For many borrowers, meeting with the closing agent/notary to sign the final documents for their mortgage loan is the end of a long, complicated and sometimes painful process. Even though the lender, title company and the mortgage loan servicer all still have a lot of work ahead of them to get the loan funded, the documents recorded and the deal boarded onto the servicing platform to start collecting payments, the borrower’s work is usually done when the documents are signed at the closing table. Unfortunately, that may not be the case if something goes wrong at the closing, even if it’s not detected immediately.
To make sure that the loan is closed properly and that nothing will come back to haunt the borrower later, here are five things to keep in mind when you are at the closing table.

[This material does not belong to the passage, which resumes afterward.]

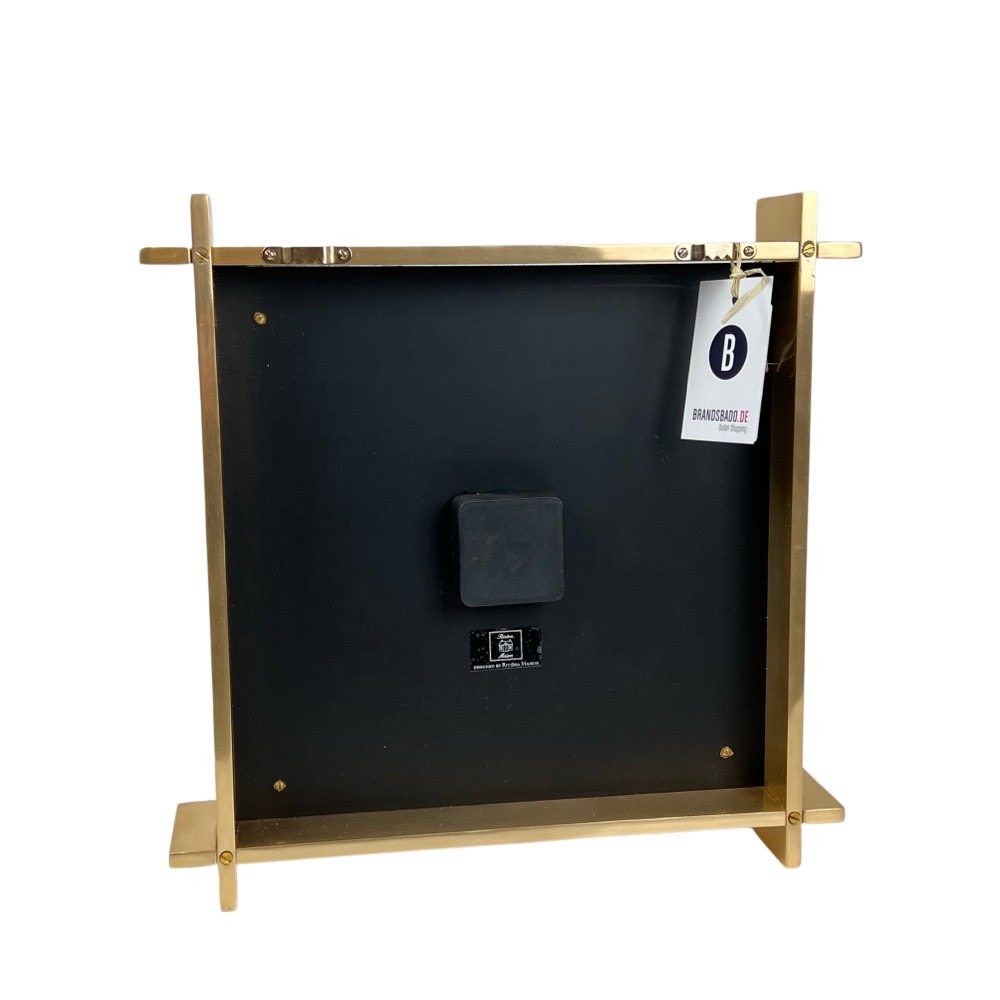 Wanduhr Upper East goldfarben quadratisch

1. Remember to ask your questions early
The Consumer Financial Protection Bureau’s (CFPB’s) TILA/RESPA Integrated Disclosure Rule changed the way the mortgage industry shares information about a transaction with the borrower. Under the new rule, the lender must provide the closing disclosure three days ahead of the scheduled loan closing. This is designed to give consumers plenty of time to review the numbers and pose their questions before the closing.
Take your time when reviewing these documents as they provide all of the terms of the loan as well as an itemized list of fees associated with the closing. Don’t save your questions for the closing table. Call your lender or settlement agent as soon as you have a question or concern. And don’t feel bad about asking. There are no stupid questions, except for the ones we didn’t ask but should have.

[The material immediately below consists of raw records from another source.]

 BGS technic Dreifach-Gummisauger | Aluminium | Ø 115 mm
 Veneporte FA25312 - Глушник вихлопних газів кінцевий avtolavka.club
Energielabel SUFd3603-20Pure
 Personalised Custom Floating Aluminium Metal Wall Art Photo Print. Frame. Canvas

2. Remember to bring your identification
In order to sign the legal documents required to secure your mortgage, you must come to the closing with the proper identification. Typically this includes two forms of identification, one of which should be a valid state-issued identification card with a photo. If you have questions about what to bring, contact your closing agent before the scheduled closing.
3. Remember any paperwork you want to refer to during the closing process
A lot of paperwork flies around during the mortgage loan origination process. Some of these documents may be useful for you to refer to during the closing. This could include your original Loan Estimate, contract, proof of title search or insurance, inspection or appraisal reports and any other documentation you may have collected during the process. Many of these documents will already be part of the loan file that you will review during the closing. Having a previous copy will reveal any changes that might have occurred.

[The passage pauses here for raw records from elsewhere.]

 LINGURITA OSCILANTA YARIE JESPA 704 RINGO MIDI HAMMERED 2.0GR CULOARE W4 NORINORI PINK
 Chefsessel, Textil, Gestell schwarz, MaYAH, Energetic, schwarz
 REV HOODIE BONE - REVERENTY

4. Remember to bring any funds required to close
Every real estate closing is different but you will be advised of any expenses you’ll be expected to pay at closing in advance of the closing date. Be sure to bring a certified or cashier’s check made out to the title company for any costs for which you are responsible. These could include closing costs, prepaid interest, taxes or insurance. You can also arrange in advance to have these funds wired from your bank, just don’t forget to make the arrangements.
5. Remember that the closing is about you
The CFPB has made it clear to the mortgage lending industry that the loan closing, and in fact all of the mortgage loan origination process, is really about the consumer. Your experience is important to everyone involved in the process. You have the right to understand 100 percent of what happens and what you are asked to sign.
CFPB urges you to take your time, read through whatever documents you wish, ask what ever questions you have. More often than ever before, mortgage closings are going smoothly and the borrower experience is more satisfying. Remember these five things before you attend your next closing and you are more likely to have a worry free closing.